The mainstream tools (rls and rust-analyzer) get their information from the compiler, and thus have access to the expansion of the macro rather than just the macro invocation.


> What frunk does at runtime (well, its proc macros are still compile-time, but the code that makes use of the metadata is runtime), syn does at compile-time. I can understand that it's nice to have a simpler model where everything happens at runtime, but the things that proc macros can do include things that matter to the typesystem. For example, some of the macros I've written generate new types based on the input tts. You can't do that at runtime.

Again, though, that's something you want to be able to do in a standard first-class way in the language, rather than needing a custom macro. Depending on the use case you either want higher-kinded types (for transformations like producing a "patch" version for a given record, where all members are (recursively) optional) or dependent types (for transformations where you really just want to do a bunch of specific type->type cases). It's really not rocket science - Scala has been doing this stuff for years already.

> The mainstream tools (rls and rust-analyzer) get their information from the compiler, and thus have access to the expansion of the macro rather than just the macro invocation.

Sure, and that helps, but the tool can't possibly know what the full relation between input and output is (because by definition the macro is an arbitrary function), so it's never going to be as reliable as first-class code.


>but the tool can't possibly know what the full relation between input and output is (because by definition the macro is an arbitrary function)

The macro can associate output tokens with the spans of input tokens, either by reusing the input tokens (`#[derive(Foo)] struct S;` -> `impl Foo for S`, the `S` is reused), or using the macro API which allows specifying an arbitrary span for new tokens. This is required both for ident hygiene and for associating errors with the source code, thus it is a core part of the macro API. And since the compiler has this information, tools have it too.

That means if you have

    #[foo]
    struct S; // (1)

    let s = S; // (2)
and use an IDE to refactor-rename `S` to `S2` at the line marked (2), the IDE has enough information to know that it must also rename the `S` at the line marked (1), even though it's a macro input. This applies equally well to function-style proc macros `foo! { S }`


> A macro is a bug report against the language

Agreed. But in order to receive that bug report, you need a macro system. This is partially because...

> Rust is crying out for a way to treat structs generically (i.e. what frunk does with LabelledGeneric)

frunk is very cool, and I'm glad it exists, but it gets about 100 downloads a week. The matches macro that we uplifted to the standard library in this release is getting around 20,000.
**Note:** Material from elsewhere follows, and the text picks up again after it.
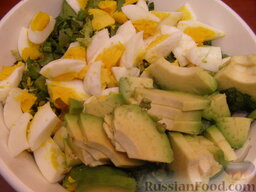 Салатный микс с яйцом и авокадо: Смешать листья салат, авокадо и яйца. Перемешать салат с авокадо, аккуратно 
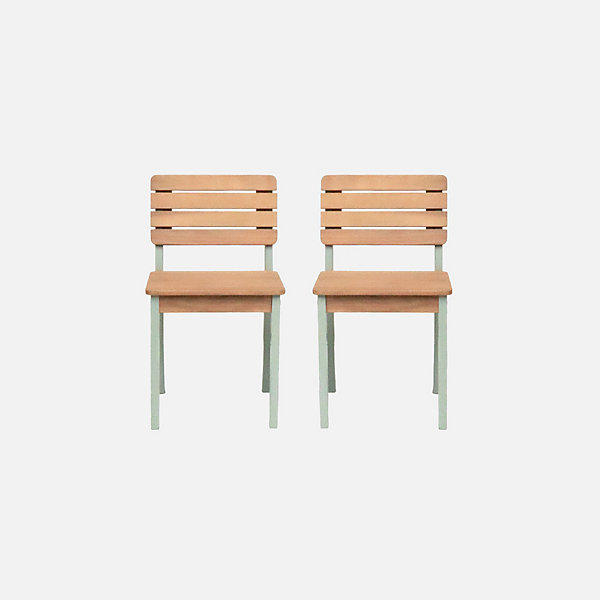 Lot de 2 chaises en bois d'acacia pour enfant. salon de jardin enfant vert de gris. intérieur / extérieur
> the disadvantages for readability and tooling are very real

Interestingly enough, just this week rust-analyzer gained the ability to do code completion within macro invocations.


> frunk is very cool, and I'm glad it exists, but it gets about 100 downloads a week. The matches macro that we uplifted to the standard library in this release is getting around 20,000.
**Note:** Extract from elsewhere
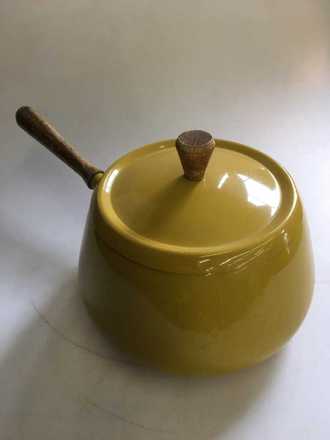 Fondue Pot main photo of Fondue Pot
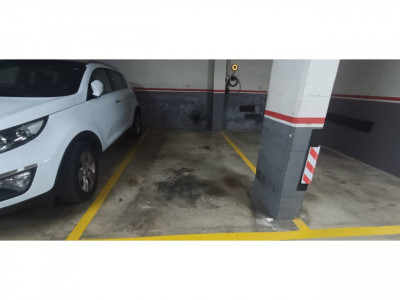 PLAZA DE PARQUING PARA MOTO EN ALQUILER !!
Indeed, because library authors find it easier to write their own macro to solve the problem. And maybe part of that is that frunk is too hard, but I do think it's also the case that macros are too easy - or rather, that the ease of adding them is not proportionate to the ease of maintaining codebases that use them. http://www.haskellforall.com/2016/04/worst-practices-should-...
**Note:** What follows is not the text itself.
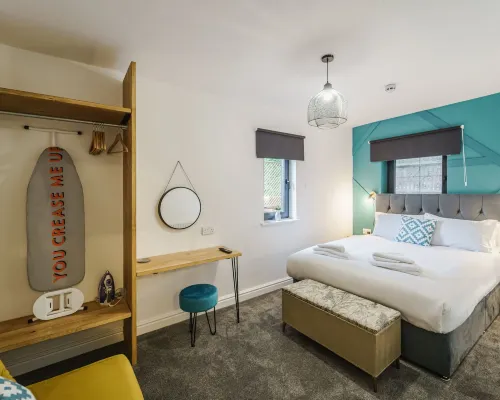 Deluxe Studio Apartments Hotels in Derby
Sure it can be misused, but honestly, all the macros I've seen so far make sense that they are macros and they make things easier to read and write.

I'd rather have a small simple concise 1-liner, than being forced to write 20 lines of code otherwise.

In Go you have `if err != nil` on every other line it seems and that makes things hard to read. The `try!` macro which later became the `?` makes things much easier to read IMO. Especially when you have to drill into something nested.